Suppose I have a data frame and performed a linear regression analysis such like this:
df<-data.frame(
y=rnorm(100,2,3),
x1=rbinom(100,1, 0.3),
x2=sample(1:3, 100,T),
x3=rnorm(100,40,3)
)
require(car)
mod<-lm(y~x1+x2+x3, data=df)
t-test
coef(summary(mod))
Estimate Std.

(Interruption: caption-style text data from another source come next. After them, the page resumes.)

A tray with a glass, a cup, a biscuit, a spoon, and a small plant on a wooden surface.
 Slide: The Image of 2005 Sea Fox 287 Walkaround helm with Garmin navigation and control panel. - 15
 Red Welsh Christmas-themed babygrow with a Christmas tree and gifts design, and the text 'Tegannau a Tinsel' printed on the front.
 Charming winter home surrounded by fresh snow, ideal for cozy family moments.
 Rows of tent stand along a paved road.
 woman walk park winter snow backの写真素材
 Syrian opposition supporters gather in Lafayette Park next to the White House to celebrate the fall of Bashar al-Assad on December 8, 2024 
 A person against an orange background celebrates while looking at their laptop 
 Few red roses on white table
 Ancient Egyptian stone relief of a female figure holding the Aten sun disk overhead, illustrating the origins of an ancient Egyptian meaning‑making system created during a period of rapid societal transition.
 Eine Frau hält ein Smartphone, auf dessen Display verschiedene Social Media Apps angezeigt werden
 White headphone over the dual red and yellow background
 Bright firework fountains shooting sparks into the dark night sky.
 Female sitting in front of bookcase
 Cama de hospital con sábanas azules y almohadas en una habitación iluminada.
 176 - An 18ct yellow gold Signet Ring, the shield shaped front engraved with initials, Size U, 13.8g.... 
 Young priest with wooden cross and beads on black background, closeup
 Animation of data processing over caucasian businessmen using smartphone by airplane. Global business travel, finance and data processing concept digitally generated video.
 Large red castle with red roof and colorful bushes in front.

Error t value Pr(>|t|)
(Intercept) 1.75062 3.9944 0.43827 0.662176
x1 0.02640 0.7141 0.03697 0.970583
x2 0.93436 0.3453 2.70619 0.008055
x3 -0.05201 0.1010 -0.51501 0.607731
F test
Anova(mod)
Anova Table (Type II tests)
Response: y
Sum Sq Df F value Pr(>F)
x1 0 1 0.00 0.9706
x2 59 1 7.32 0.0081 **
x3 2 1 0.27 0.6077
Residuals 778 96
---
Signif. codes: 0 ‘***’ 0.001 ‘**’ 0.01 ‘*’ 0.05 ‘.’ 0.1 ‘ ’ 1
As expected, F values are the squared t values and the p values are same. I'm wondering whether the t test from the lm
is same as the type II one degree of freedom F test. Is there some differences between them?